# What to produce
An exact transcription of all the data is required, with every image removed.

# Information supplied
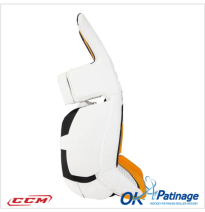 CCM bottes EFLEX 6.5 senior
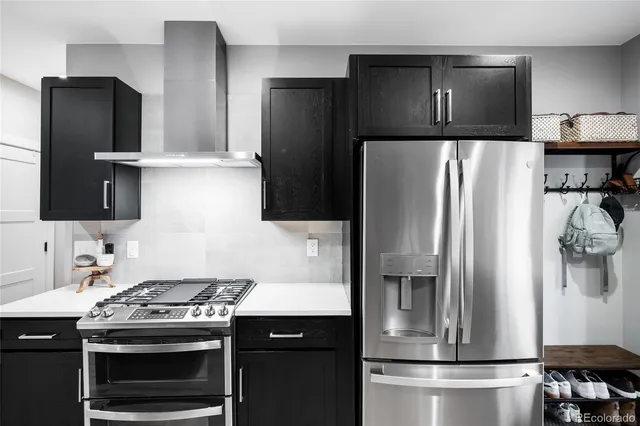 $1,400,000 | 1140 Harrison Street, Denver, CO 80206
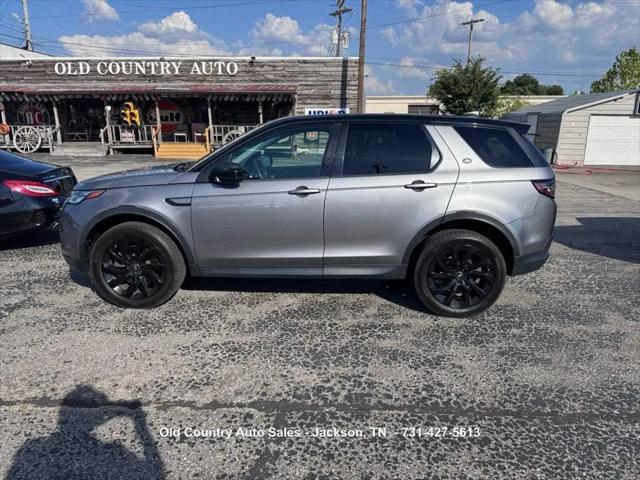 2020 Land Rover Discovery Sport S for sale in Jackson, TN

# Answer to this problem
 CCM bottes EFLEX 6.5 senior
 $1,400,000 | 1140 Harrison Street, Denver, CO 80206
 2020 Land Rover Discovery Sport S for sale in Jackson, TN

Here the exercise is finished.